Stored items:
⁂

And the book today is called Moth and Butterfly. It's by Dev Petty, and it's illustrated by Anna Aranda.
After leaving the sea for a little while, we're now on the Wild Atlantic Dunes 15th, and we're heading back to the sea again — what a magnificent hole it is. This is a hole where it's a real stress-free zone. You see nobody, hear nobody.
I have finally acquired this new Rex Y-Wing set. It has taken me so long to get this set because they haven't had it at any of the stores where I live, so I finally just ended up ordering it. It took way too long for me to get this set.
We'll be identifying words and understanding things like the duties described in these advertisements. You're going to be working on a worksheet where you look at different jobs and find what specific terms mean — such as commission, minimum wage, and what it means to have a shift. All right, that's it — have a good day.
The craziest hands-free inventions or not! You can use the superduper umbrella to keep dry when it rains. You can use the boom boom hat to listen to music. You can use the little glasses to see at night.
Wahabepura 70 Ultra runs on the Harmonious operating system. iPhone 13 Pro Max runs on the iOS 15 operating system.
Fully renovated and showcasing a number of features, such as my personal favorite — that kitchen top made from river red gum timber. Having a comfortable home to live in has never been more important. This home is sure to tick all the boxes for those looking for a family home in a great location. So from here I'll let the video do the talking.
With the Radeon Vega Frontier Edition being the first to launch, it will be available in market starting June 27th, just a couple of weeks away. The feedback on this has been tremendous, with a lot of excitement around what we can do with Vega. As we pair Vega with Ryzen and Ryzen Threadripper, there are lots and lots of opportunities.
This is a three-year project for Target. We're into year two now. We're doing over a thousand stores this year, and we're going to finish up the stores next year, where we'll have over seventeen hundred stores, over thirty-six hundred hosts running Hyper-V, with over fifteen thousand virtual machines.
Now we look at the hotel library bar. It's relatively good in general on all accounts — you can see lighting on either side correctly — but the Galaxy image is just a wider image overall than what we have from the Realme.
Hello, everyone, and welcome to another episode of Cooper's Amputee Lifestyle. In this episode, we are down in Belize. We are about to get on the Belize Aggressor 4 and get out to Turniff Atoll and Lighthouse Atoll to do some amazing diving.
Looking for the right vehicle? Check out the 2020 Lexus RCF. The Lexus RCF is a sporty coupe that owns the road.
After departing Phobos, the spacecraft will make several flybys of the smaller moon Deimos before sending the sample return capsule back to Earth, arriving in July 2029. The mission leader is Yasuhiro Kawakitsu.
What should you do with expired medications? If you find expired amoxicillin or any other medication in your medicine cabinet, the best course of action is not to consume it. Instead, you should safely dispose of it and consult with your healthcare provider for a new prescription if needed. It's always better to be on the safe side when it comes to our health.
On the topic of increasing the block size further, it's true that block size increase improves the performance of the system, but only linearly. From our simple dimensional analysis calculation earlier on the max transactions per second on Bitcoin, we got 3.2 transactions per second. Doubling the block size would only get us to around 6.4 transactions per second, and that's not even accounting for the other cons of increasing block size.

⁂

▸ Task brief:
Print again the lines of the entries above that fall between the line holding "Now we look" and the line holding "What should you", inclusive, exactly as they stand.

▸ Written response:
Now we look at the hotel library bar. It's relatively good in general on all accounts — you can see lighting on either side correctly — but the Galaxy image is just a wider image overall than what we have from the Realme.
Hello, everyone, and welcome to another episode of Cooper's Amputee Lifestyle. In this episode, we are down in Belize. We are about to get on the Belize Aggressor 4 and get out to Turniff Atoll and Lighthouse Atoll to do some amazing diving.
Looking for the right vehicle? Check out the 2020 Lexus RCF. The Lexus RCF is a sporty coupe that owns the road.
After departing Phobos, the spacecraft will make several flybys of the smaller moon Deimos before sending the sample return capsule back to Earth, arriving in July 2029. The mission leader is Yasuhiro Kawakitsu.
What should you do with expired medications? If you find expired amoxicillin or any other medication in your medicine cabinet, the best course of action is not to consume it. Instead, you should safely dispose of it and consult with your healthcare provider for a new prescription if needed. It's always better to be on the safe side when it comes to our health.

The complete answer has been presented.